OCHENTA Y SIETE

Que aquel hombre está incómodo, se ve claramente. No para; camina, se detiene, se apoya sobre un solo pie, sale corriendo; se le ve inmóvil en una esquina; se asoma a la calle siguiente, tímidamente; suspira y se apoya en la pared. En realidad, se siente extremadamente insatisfecho de su vida, pero tiene ideas muy confusas acerca de los orígenes de dicha insatisfacción. Podía ser, ha llegado a pensar, la utilización del tiempo. El tiempo no tiene reglas, y finge tenerlas. Nada tan difícil como tratar con el tiempo. Algunos días, los segundos escapan como evadidos de una clepsidra prisionera; pero frecuentemente son de desigual magnitud y al vivir tropieza con ellos continuamente. Piensa que aún le quedan años de vida, y no sabe cuántos.

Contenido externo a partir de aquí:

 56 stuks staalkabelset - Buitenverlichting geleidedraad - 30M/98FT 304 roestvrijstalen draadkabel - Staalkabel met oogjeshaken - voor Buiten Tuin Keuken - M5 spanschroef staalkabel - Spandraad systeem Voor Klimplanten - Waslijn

Manipula los botones mentales del tiempo, y he aquí que se detiene por completo; de una hora a otra pasan diez horas; los segundos son largos como una calle, y, como se sabe, la calle siempre está hecha de cuartos de hora, pero cuatro calles no hacen una hora, hacen seis días. El séptimo es una plaza, y, como la atravieses, te pierdes. Ha intentado amaestrar el futuro, y obligarle a un ritmo menos fatigoso. Ha comprado un gran reloj, para enseñar el tiempo al tiempo, pero el tiempo no se aprende a sí mismo. Si aprieta otro botón, el tiempo corre, escapa, huye. Las calles se acortan, y si no frena inmediatamente, en una semana terminará su vida y no habrá hecho nada que justifique su nacimiento. Habría que inventar un reloj capaz de capturar el tiempo y obligarlo a mantener aquel paso, siempre, todos los días, toda la vida. Pero no tardaría en hacer pedazos un reloj de tales características. Así que no puede hacer más que buscar pactos provisionales, e inciertos, ya que el tiempo no respeta los pactos, no porque sea desleal, sino porque él mismo, a su vez, es víctima del tiempo. En realidad, como el señor descontento lleva tiempo sospechando, también el tiempo está descontento consigo mismo, pero no consigue solucionar su propio malestar, porque no tiene ningún medio, que no sea él mismo, de medirse con él; el resultado es, naturalmente, inútilmente justo, y el tiempo nunca sabe si corre, si va despacio, si se detiene. Por dicho motivo el tiempo pide continuamente disculpas a todos, sin que ni siquiera sepa si es razonable pedir disculpas.